J.-P. Raffarin : J'ai beaucoup de sympathie pour cette proposition mais il n'y a pas que l'État qui est en cause. Il y a aussi les organismes socioprofessionnels et les collectivités diverses qui adressent aux entreprises de nombreux formulaires et questionnaires. L’Insee travaille sur ce sujet. Il faut organiser sur ce thème une grande action de pédagogie nationale afin de libérer les entreprises et les entrepreneurs de la grande complexité de notre société. Quant à la simplification de la fiche de paie, nous allons débattre au sein du gouvernement du rapport Turbot remis à Jacques Barrot. Mon objectif est au moins de diviser par deux le nombre de lignes du bulletin de salaire.

Le Figaro : Quelle réponse donnez-vous à une autre demande du CNPF d'allègement de la taxe professionnelle, notamment pour les investissements et les embauches ?

J.-P. Raffarin : Nous en débattons avec les entreprises. Le sujet est difficile parce qu'il relève de deux logiques distinctes, la fiscalité des entreprises, mais surtout le financement de la décentralisation.

Le Figaro : Quid également de la demande d'un allègement des obligations sociales qui sont liées au franchissement de seuils de 10 et 50 salariés ?

J.-P. Raffarin : C'est une demande de la CGPME. Pour un projet social pour les PME, il me semble nécessaire de disposer d'un inventaire précis des blocages et des solutions.

Le Figaro : Comptez-vous prolonger, comme on vous le demande, l'accélération du rythme d'amortissement des équipements neufs, mesure qui prend fin le 31 janvier ?

J.-P. Raffarin : Non, ce n'est pas prévu. Je préfère une exonération fiscale, comme la baisse de l'impôt sur les sociétés de 33 % à 19 %, à une formule aussi technique. Il faut laisser au chef d'entreprise le plus de liberté possible dans leur gestion. Ils ont plus besoin d'allègement que de subventions directes ou indirectes.

Le Figaro : Le recul de 3 % de création ex nihilo des entreprises en 1996 vous inquiète-t-il ?

J.-P. Raffarin : C'est peut-être le prix de la morosité mais j'accorde moins d'importance au nombre de naissances qu’à celui des mortalités avant l'âge de cinq ans dont la baisse est pour nous prioritaire.

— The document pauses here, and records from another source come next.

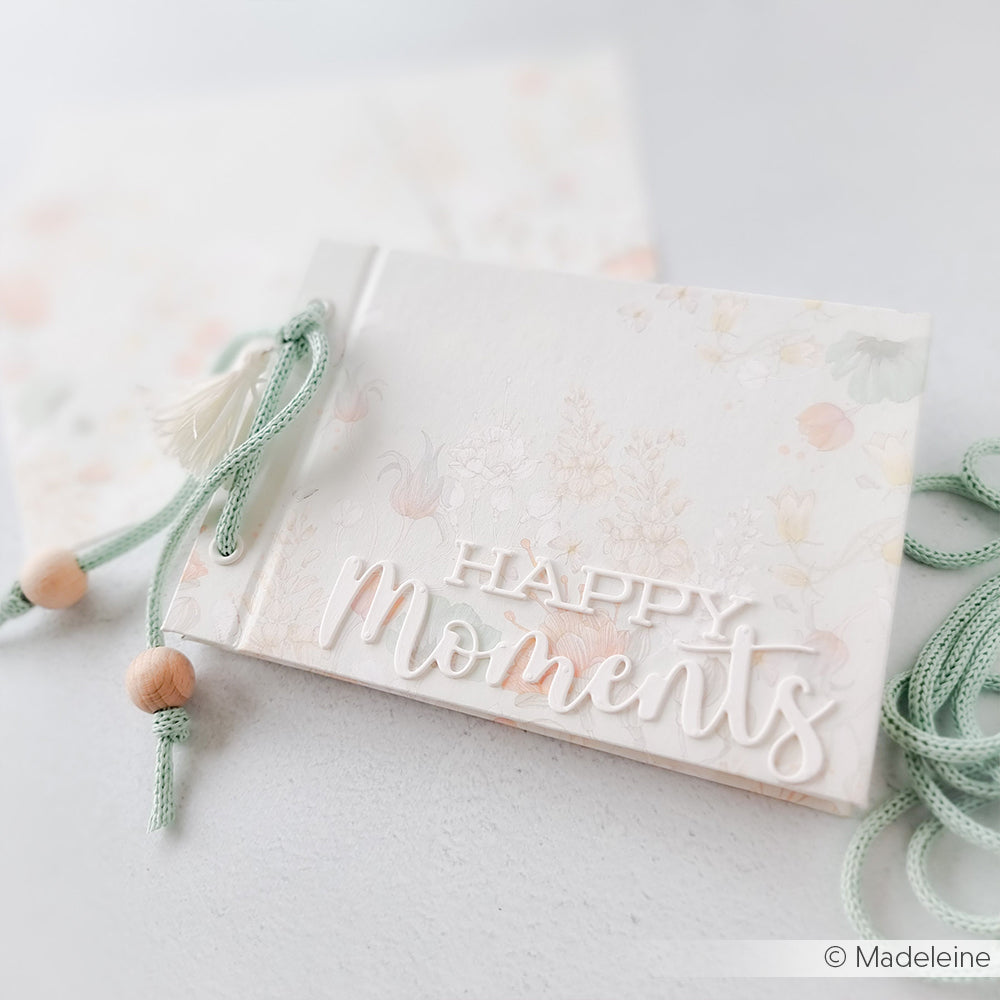 Designpapier 'Blumenvariation auf Mint'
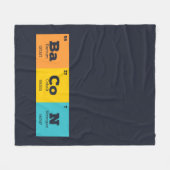 Couverture Polaire Éléments de tableau périodique Bacon (Devant (Horizontal))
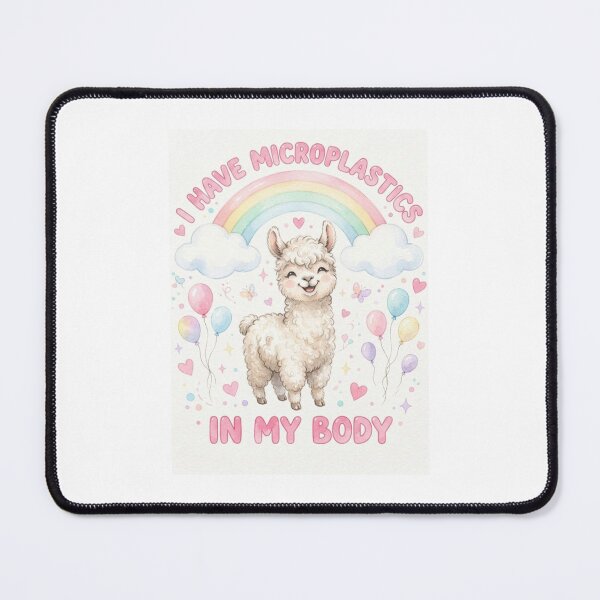 Item preview, Llama I have microplastics in my body microplastic funny gag adult humor novelty meme memes pet christmas birthday designed and sold by CheeseBlueprint.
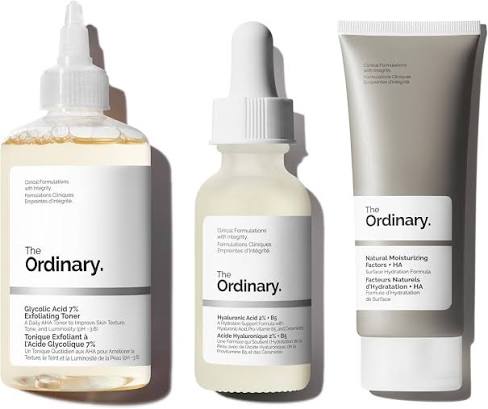 Amazon.com: The Ordinary Favorites Collection For Luminous, Hydrated Skin - Skin Care Bundle Set -Glycolic Acid 7% Exfoliating Toner 8.1, Hyaluronic Acid 2% + B5, Natural Moisturizing Factors + HA : Beauty & Personal Care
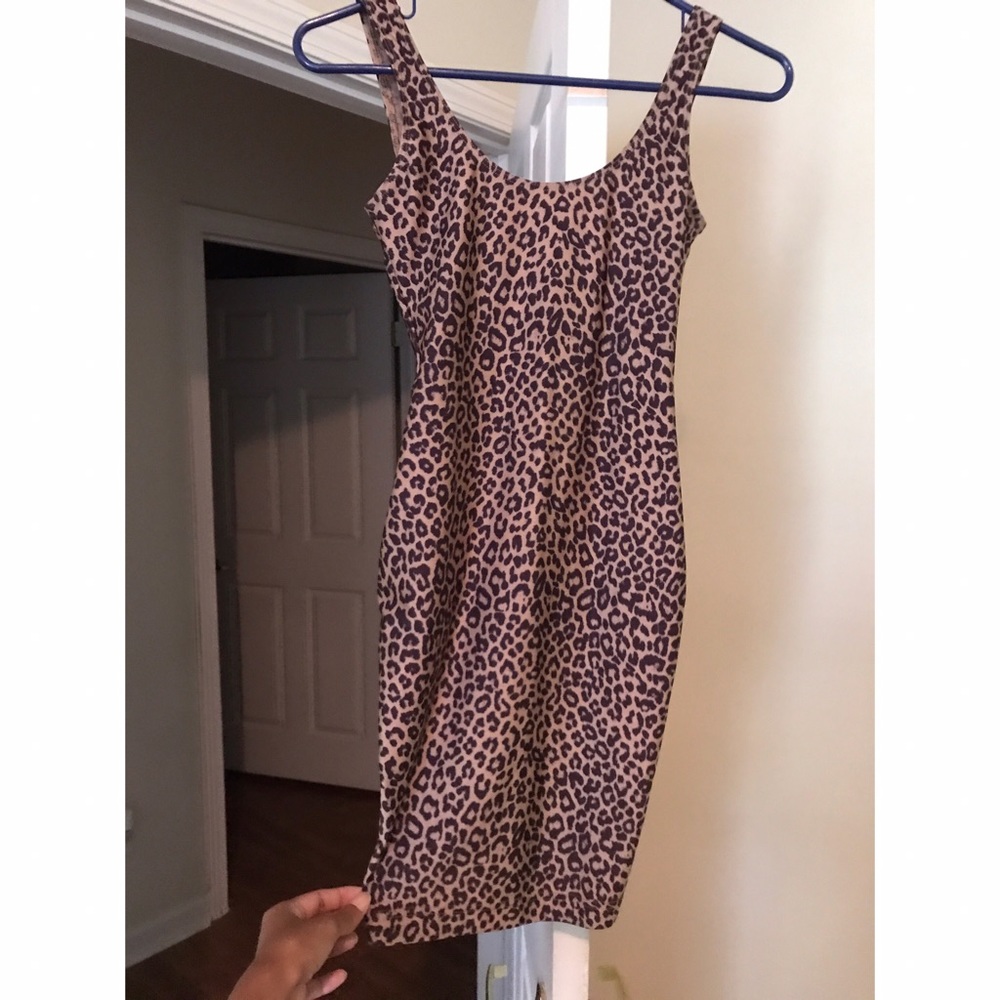 American apparel leopard print bodycon dress.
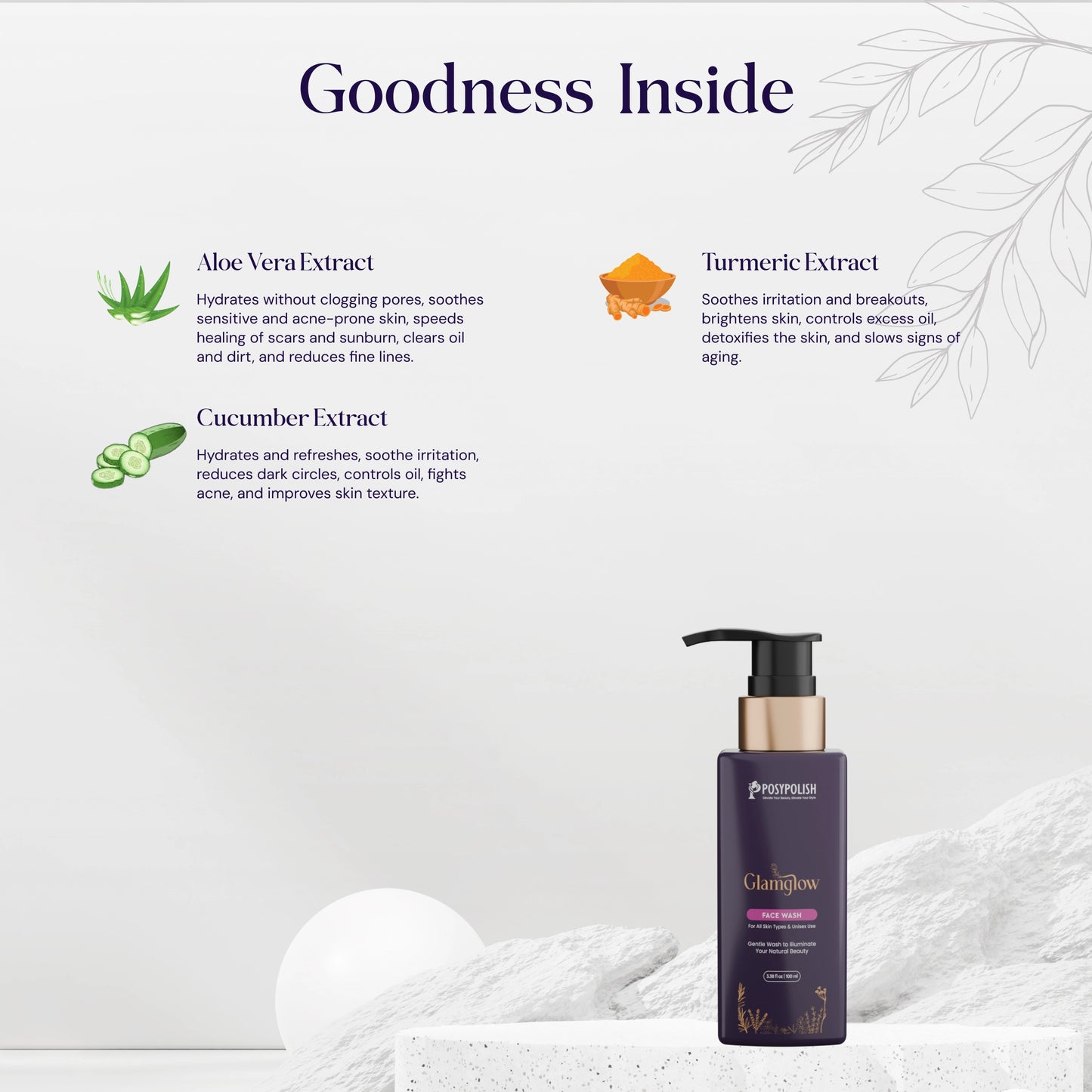 Glamglow Face Wash | Cleanses Deeply | Maintains Hydration | Fights Acne & Blemishes | Boosts Skin Glow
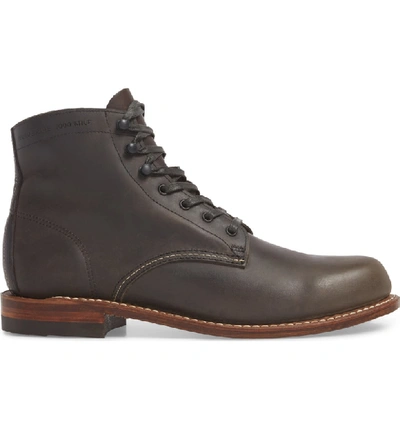 Shop Wolverine '1000 Mile' Plain Toe Boot In Charcoal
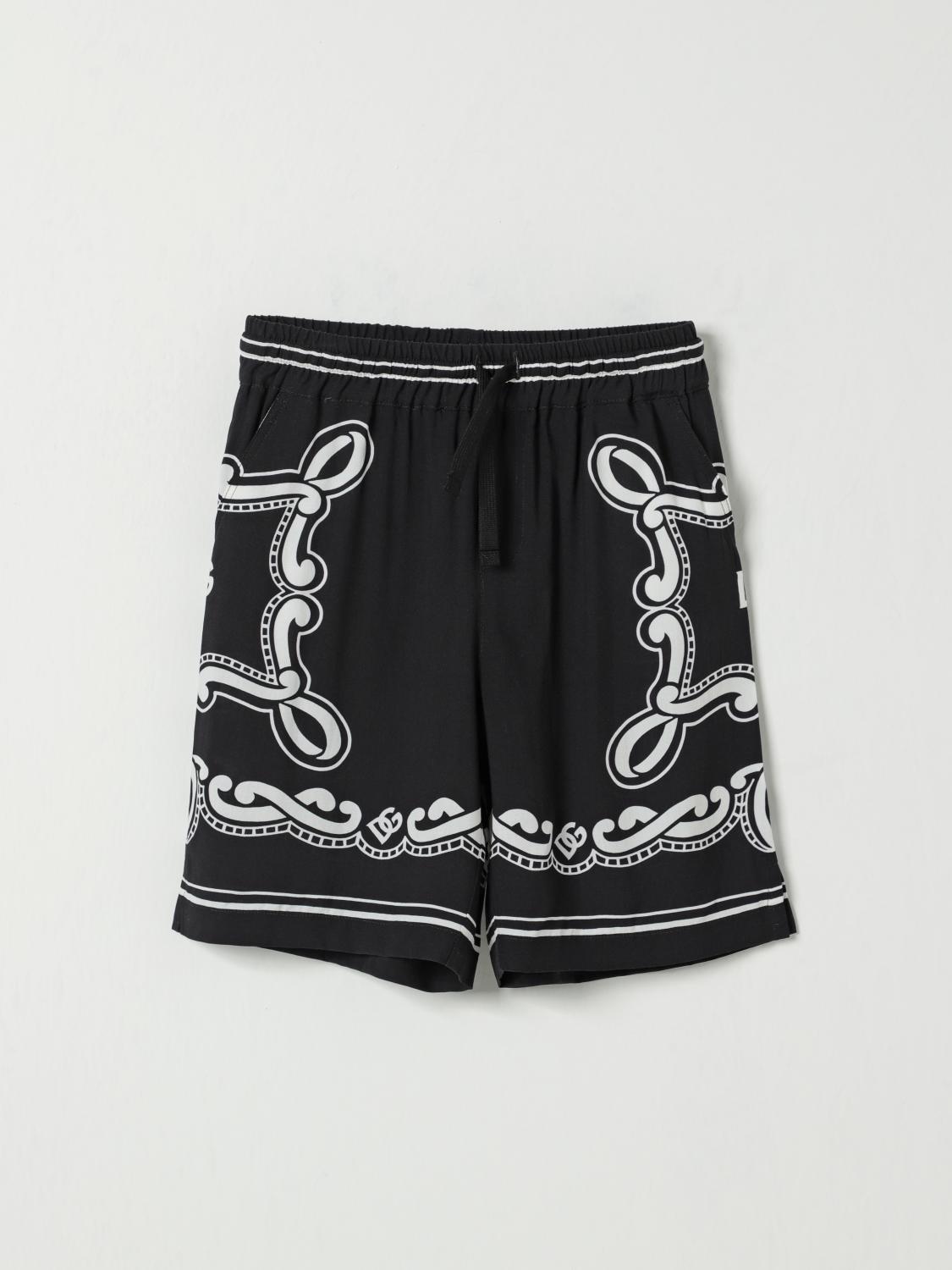 DOLCE & GABBANA SHORTS DOLCE & GABBANA KIDS COLOR BLACK G50550002
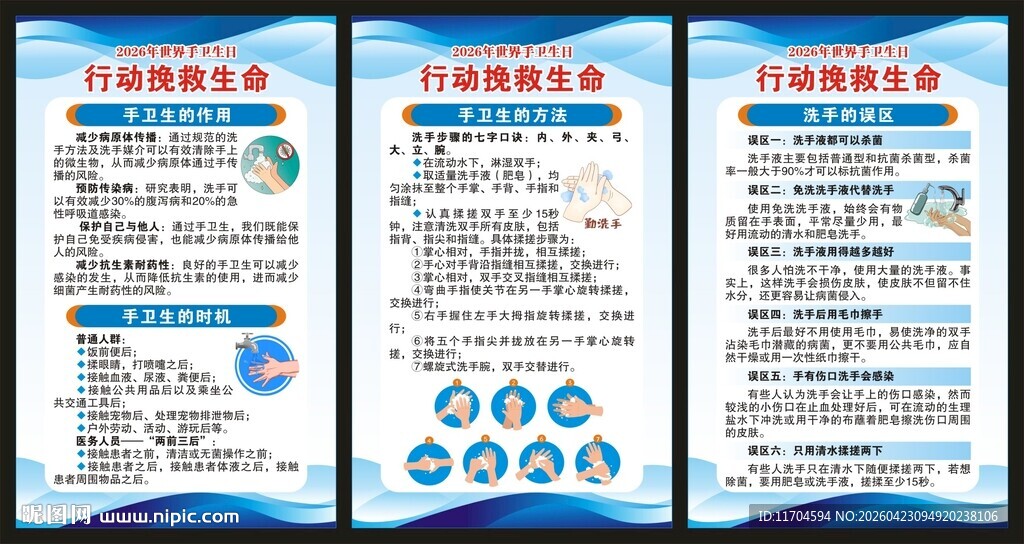 全球洗手日展板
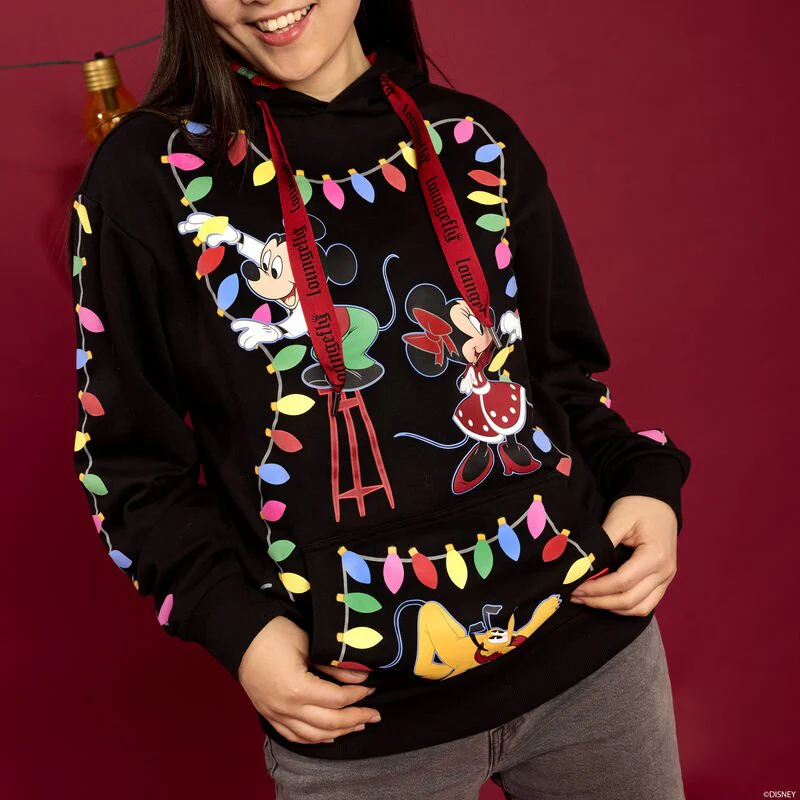 Loungefly x Disney Mickey's Light Up Decorations Hooded Sweatshirt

Il vaut mieux une création solide qu'une création éphémère. Nous mettons en place en ce début d'année un réseau d'accompagnement des créateurs d'entreprise (entreprendre en France) pour lutter contre la solitude de l’entrepreneur.

Le Figaro : Les entreprises souffrent d’une faiblesse chronique : la sous-capitalisation. Proposerez-vous au cours de cette conférence annuelle des PME de nouveaux moyens pour lutter contre ce phénomène ?

J.-P. Raffarin : La baisse de l'impôt sur les sociétés est une première forme de réponse. Nous envisageons également de favoriser une forme de partenariat entre la BDPME et les sociétés régionales de développement. Au cours des délocalisations de mon ministère dans les régions, j'ai constaté la multiplication d'initiatives financières locales très intéressantes. Parmi les conclusions du rapport du député Yvon Jacob, qui devraient être publiées à la fin du mois, nous analyserons de près sa proposition de réserver une partie des fonds de pension au financement PME.